• Data for this exercise:
"""

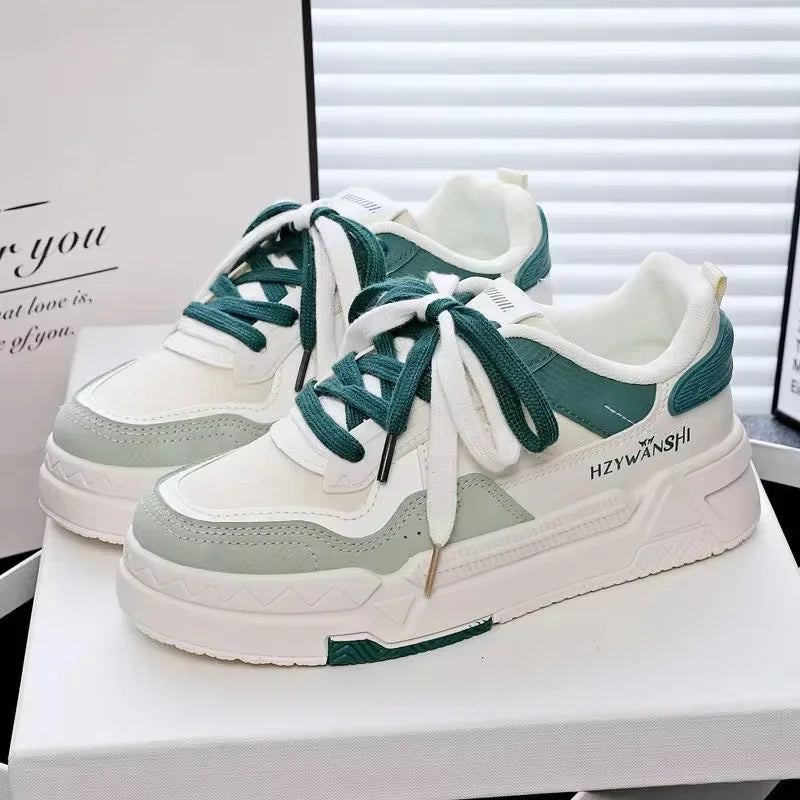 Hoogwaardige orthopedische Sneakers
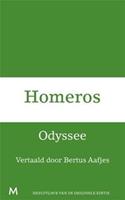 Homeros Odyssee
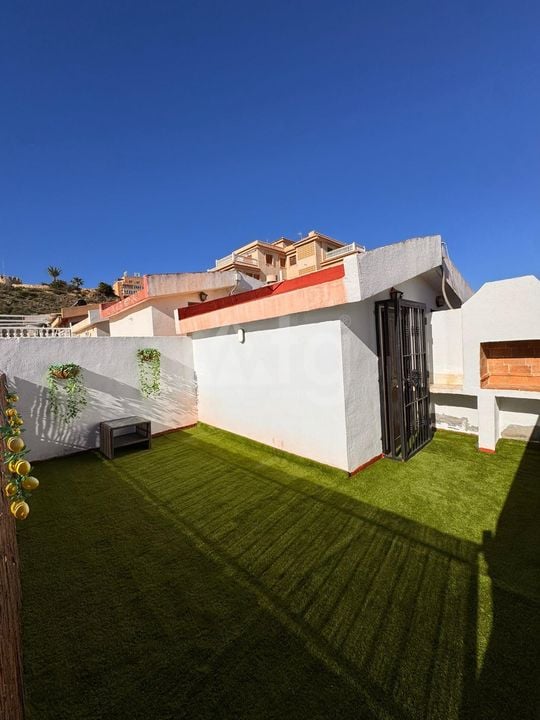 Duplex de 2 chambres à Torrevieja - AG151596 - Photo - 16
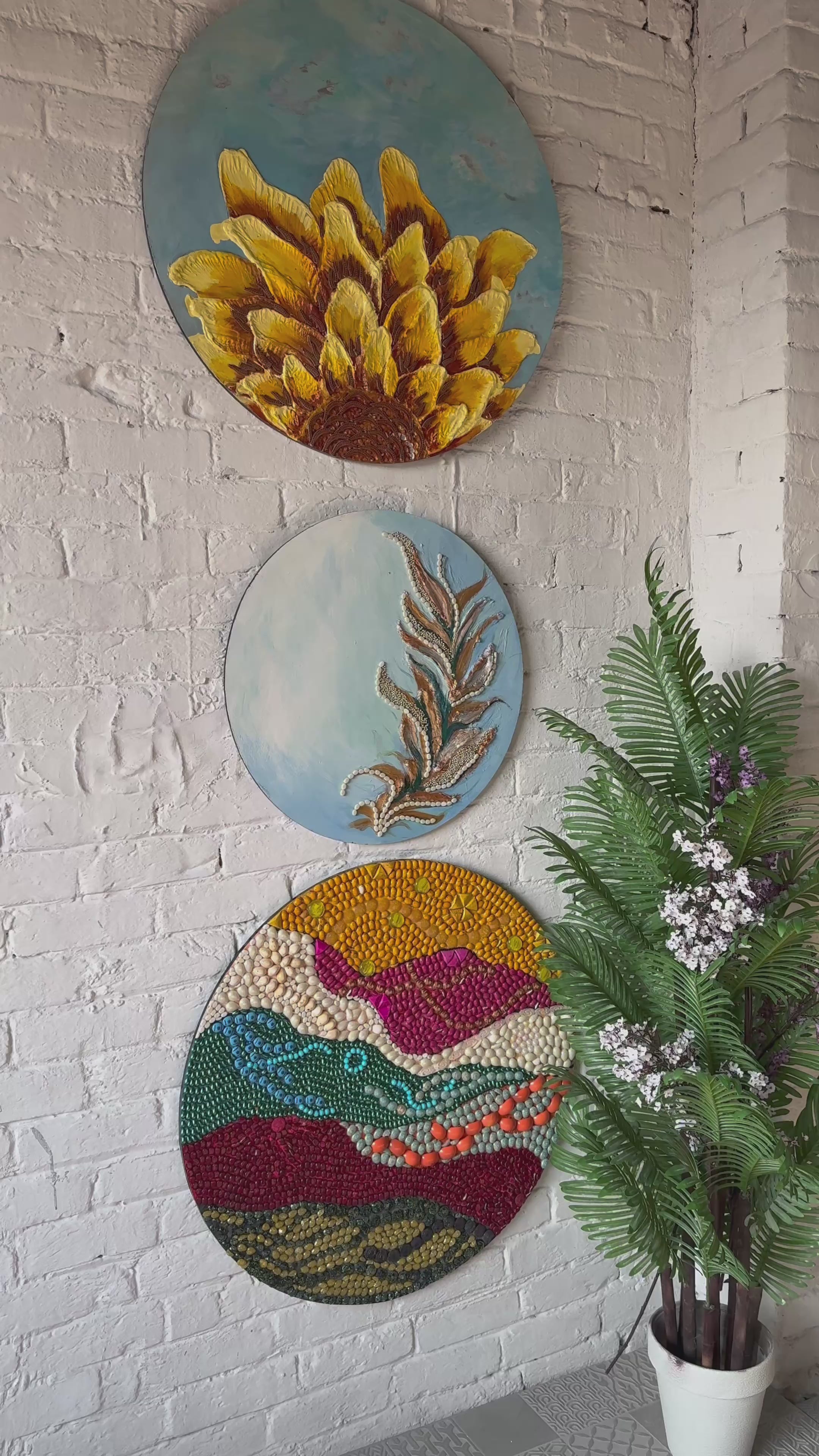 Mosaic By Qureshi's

"""
"""

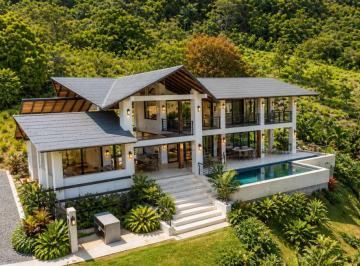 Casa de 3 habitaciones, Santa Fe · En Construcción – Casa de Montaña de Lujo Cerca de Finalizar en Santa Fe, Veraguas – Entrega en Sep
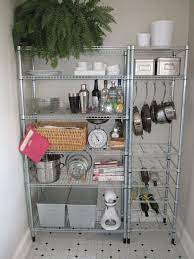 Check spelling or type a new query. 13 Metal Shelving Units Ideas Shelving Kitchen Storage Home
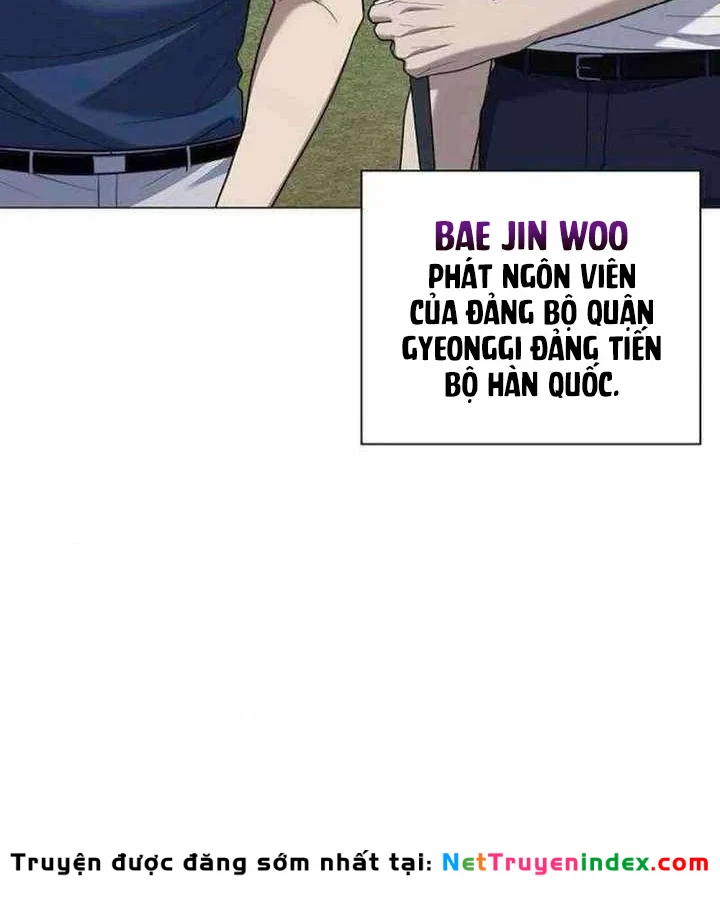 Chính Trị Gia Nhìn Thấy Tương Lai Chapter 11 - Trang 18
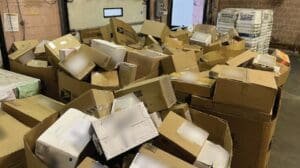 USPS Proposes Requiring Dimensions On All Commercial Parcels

"""

• What to do: Please print the lines above word for word, starting at the one with "Chính Trị Gia" and ending at the one with "USPS Proposes Requiring", both included, and without any picture.

• Answer below:
 Chính Trị Gia Nhìn Thấy Tương Lai Chapter 11 - Trang 18
 USPS Proposes Requiring Dimensions On All Commercial Parcels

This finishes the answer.